In the entries that follow, find the line containing "VA license plate VGS7496", then output exactly every line from the first through that one.
(Provided information)
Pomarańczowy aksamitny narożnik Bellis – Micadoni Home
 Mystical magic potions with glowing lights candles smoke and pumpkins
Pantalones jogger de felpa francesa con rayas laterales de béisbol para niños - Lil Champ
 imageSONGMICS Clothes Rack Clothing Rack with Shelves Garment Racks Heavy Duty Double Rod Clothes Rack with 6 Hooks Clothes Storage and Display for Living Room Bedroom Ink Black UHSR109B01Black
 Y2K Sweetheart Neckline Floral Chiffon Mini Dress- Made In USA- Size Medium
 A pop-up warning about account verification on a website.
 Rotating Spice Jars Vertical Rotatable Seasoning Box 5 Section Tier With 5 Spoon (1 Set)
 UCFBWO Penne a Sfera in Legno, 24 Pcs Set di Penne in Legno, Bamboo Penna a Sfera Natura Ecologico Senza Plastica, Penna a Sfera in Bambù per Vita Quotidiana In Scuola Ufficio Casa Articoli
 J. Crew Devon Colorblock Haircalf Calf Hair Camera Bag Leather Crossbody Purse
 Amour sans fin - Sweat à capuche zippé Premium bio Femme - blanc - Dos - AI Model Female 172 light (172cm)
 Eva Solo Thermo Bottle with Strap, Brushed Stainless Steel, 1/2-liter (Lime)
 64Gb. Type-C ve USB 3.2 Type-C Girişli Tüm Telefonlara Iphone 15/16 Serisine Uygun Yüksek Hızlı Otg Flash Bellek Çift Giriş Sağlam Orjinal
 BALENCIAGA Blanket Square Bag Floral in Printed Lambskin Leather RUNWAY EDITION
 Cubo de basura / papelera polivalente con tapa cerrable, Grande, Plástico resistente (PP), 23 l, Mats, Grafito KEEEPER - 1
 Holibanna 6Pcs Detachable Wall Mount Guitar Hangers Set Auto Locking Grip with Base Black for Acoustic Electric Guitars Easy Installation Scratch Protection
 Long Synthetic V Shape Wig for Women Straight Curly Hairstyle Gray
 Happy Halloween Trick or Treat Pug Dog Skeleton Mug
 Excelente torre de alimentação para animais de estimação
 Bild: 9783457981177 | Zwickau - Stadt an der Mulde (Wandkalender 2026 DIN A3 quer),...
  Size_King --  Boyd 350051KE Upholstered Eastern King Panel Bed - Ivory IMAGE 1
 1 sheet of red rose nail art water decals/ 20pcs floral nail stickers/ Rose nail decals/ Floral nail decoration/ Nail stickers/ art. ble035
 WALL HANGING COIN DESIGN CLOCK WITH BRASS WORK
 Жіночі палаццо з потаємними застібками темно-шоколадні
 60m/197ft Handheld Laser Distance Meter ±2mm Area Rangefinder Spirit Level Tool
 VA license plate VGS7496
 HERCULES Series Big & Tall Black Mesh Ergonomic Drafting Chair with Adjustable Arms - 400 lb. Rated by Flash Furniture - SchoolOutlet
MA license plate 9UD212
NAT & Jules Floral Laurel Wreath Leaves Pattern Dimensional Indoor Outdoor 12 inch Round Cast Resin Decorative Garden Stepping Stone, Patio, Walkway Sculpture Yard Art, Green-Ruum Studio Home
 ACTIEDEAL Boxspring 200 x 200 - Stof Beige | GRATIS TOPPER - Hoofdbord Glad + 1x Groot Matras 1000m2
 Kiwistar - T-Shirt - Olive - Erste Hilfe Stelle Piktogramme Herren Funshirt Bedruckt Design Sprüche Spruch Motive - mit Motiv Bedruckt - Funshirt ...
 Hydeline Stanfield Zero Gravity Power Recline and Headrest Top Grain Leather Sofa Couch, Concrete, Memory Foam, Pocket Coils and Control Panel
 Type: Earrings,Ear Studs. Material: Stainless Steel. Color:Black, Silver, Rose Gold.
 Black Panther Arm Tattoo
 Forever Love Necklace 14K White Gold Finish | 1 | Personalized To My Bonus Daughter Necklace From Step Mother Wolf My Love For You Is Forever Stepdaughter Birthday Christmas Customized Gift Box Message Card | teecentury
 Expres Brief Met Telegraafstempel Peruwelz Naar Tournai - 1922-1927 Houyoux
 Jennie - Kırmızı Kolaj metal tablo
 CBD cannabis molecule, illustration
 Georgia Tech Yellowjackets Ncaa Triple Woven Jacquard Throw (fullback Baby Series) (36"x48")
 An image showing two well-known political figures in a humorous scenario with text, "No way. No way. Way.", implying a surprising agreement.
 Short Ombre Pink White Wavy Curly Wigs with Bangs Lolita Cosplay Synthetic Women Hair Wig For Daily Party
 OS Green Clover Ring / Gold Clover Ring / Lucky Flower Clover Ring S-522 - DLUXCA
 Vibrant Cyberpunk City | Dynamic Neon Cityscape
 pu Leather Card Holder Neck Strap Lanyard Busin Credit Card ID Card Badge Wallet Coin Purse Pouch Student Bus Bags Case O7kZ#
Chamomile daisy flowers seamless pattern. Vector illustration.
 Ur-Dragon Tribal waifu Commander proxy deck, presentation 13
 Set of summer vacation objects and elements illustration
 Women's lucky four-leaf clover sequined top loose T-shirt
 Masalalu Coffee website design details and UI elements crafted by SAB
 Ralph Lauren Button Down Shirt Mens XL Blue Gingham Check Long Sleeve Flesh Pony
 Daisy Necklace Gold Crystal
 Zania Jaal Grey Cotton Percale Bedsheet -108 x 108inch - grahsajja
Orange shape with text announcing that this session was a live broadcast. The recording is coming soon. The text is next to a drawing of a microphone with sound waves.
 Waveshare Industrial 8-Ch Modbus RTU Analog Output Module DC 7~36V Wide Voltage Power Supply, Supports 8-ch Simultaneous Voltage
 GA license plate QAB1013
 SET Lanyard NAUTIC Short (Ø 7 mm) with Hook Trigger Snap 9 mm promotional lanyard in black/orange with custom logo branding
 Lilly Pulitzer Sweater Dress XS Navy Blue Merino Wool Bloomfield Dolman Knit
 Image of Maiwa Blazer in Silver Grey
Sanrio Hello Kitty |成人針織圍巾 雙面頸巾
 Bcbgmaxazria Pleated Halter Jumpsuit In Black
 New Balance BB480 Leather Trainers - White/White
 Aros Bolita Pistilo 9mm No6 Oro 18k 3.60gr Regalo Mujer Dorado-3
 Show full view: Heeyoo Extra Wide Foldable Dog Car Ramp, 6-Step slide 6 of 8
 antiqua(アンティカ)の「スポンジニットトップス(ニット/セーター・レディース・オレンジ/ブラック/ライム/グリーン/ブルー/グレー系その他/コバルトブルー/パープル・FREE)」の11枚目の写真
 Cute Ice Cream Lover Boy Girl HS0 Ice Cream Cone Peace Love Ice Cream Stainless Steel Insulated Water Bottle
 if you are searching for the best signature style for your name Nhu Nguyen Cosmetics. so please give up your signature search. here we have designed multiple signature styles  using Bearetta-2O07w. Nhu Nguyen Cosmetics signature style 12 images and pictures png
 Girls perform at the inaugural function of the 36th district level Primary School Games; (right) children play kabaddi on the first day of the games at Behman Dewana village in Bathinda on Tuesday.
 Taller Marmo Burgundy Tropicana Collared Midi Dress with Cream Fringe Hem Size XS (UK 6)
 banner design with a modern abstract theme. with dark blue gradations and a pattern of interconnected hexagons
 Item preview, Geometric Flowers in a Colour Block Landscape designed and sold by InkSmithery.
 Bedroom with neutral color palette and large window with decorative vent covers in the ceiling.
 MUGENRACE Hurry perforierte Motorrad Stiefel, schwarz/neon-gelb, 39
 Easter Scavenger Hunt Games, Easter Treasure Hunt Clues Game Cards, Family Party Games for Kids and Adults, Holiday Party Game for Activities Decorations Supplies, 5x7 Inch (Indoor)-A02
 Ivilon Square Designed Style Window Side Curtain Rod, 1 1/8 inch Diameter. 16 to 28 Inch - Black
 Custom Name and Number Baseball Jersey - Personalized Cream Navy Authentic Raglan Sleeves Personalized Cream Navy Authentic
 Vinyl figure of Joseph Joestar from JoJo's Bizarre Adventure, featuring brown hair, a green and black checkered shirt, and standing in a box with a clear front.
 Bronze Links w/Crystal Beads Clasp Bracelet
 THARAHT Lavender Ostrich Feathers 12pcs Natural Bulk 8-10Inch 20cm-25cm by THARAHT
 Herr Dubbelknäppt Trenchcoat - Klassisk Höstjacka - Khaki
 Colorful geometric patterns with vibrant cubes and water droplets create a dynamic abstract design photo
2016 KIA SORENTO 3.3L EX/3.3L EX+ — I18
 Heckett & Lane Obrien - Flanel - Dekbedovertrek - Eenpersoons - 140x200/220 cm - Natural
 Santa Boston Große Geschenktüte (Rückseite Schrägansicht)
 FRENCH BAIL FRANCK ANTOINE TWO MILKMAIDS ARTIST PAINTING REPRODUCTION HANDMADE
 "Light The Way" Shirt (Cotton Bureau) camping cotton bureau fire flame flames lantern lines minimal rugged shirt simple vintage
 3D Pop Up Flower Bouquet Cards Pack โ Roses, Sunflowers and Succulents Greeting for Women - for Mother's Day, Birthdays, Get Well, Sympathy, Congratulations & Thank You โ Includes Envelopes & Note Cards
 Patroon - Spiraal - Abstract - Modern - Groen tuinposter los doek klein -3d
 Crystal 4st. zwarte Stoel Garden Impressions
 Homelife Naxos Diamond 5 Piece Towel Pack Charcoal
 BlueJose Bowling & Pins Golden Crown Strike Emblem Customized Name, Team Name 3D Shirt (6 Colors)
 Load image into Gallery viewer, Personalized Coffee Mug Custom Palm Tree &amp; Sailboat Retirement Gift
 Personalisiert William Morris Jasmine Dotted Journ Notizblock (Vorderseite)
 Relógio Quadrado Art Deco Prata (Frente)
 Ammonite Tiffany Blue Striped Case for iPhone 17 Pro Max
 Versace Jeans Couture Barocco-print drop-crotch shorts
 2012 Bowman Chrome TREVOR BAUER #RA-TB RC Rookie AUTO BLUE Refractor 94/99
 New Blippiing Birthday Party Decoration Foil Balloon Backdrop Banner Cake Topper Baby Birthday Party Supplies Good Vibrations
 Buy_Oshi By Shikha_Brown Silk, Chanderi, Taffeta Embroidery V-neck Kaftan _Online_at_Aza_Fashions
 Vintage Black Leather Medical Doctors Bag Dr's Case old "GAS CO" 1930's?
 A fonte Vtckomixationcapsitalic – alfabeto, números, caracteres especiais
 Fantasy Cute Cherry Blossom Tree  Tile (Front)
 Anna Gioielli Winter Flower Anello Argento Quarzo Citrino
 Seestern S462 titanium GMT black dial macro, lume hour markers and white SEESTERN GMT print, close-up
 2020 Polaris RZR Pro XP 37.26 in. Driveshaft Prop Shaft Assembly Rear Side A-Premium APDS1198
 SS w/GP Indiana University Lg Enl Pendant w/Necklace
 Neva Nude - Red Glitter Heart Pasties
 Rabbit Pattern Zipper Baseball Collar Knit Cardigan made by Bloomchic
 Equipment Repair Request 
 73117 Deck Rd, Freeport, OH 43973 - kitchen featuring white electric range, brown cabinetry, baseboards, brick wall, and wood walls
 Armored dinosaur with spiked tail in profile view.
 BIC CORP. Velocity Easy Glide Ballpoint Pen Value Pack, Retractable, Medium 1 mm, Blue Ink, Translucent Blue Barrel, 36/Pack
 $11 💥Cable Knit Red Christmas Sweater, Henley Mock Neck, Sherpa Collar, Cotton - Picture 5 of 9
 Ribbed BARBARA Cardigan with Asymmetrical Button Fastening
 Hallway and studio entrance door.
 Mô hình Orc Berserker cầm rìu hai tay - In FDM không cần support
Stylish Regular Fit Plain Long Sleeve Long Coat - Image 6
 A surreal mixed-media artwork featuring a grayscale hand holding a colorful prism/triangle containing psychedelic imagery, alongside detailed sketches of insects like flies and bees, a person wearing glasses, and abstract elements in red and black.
(End Provided information)
- Answer space
Pomarańczowy aksamitny narożnik Bellis – Micadoni Home
 Mystical magic potions with glowing lights candles smoke and pumpkins
Pantalones jogger de felpa francesa con rayas laterales de béisbol para niños - Lil Champ
 imageSONGMICS Clothes Rack Clothing Rack with Shelves Garment Racks Heavy Duty Double Rod Clothes Rack with 6 Hooks Clothes Storage and Display for Living Room Bedroom Ink Black UHSR109B01Black
 Y2K Sweetheart Neckline Floral Chiffon Mini Dress- Made In USA- Size Medium
 A pop-up warning about account verification on a website.
 Rotating Spice Jars Vertical Rotatable Seasoning Box 5 Section Tier With 5 Spoon (1 Set)
 UCFBWO Penne a Sfera in Legno, 24 Pcs Set di Penne in Legno, Bamboo Penna a Sfera Natura Ecologico Senza Plastica, Penna a Sfera in Bambù per Vita Quotidiana In Scuola Ufficio Casa Articoli
 J. Crew Devon Colorblock Haircalf Calf Hair Camera Bag Leather Crossbody Purse
 Amour sans fin - Sweat à capuche zippé Premium bio Femme - blanc - Dos - AI Model Female 172 light (172cm)
 Eva Solo Thermo Bottle with Strap, Brushed Stainless Steel, 1/2-liter (Lime)
 64Gb. Type-C ve USB 3.2 Type-C Girişli Tüm Telefonlara Iphone 15/16 Serisine Uygun Yüksek Hızlı Otg Flash Bellek Çift Giriş Sağlam Orjinal
 BALENCIAGA Blanket Square Bag Floral in Printed Lambskin Leather RUNWAY EDITION
 Cubo de basura / papelera polivalente con tapa cerrable, Grande, Plástico resistente (PP), 23 l, Mats, Grafito KEEEPER - 1
 Holibanna 6Pcs Detachable Wall Mount Guitar Hangers Set Auto Locking Grip with Base Black for Acoustic Electric Guitars Easy Installation Scratch Protection
 Long Synthetic V Shape Wig for Women Straight Curly Hairstyle Gray
 Happy Halloween Trick or Treat Pug Dog Skeleton Mug
 Excelente torre de alimentação para animais de estimação
 Bild: 9783457981177 | Zwickau - Stadt an der Mulde (Wandkalender 2026 DIN A3 quer),...
  Size_King --  Boyd 350051KE Upholstered Eastern King Panel Bed - Ivory IMAGE 1
 1 sheet of red rose nail art water decals/ 20pcs floral nail stickers/ Rose nail decals/ Floral nail decoration/ Nail stickers/ art. ble035
 WALL HANGING COIN DESIGN CLOCK WITH BRASS WORK
 Жіночі палаццо з потаємними застібками темно-шоколадні
 60m/197ft Handheld Laser Distance Meter ±2mm Area Rangefinder Spirit Level Tool
 VA license plate VGS7496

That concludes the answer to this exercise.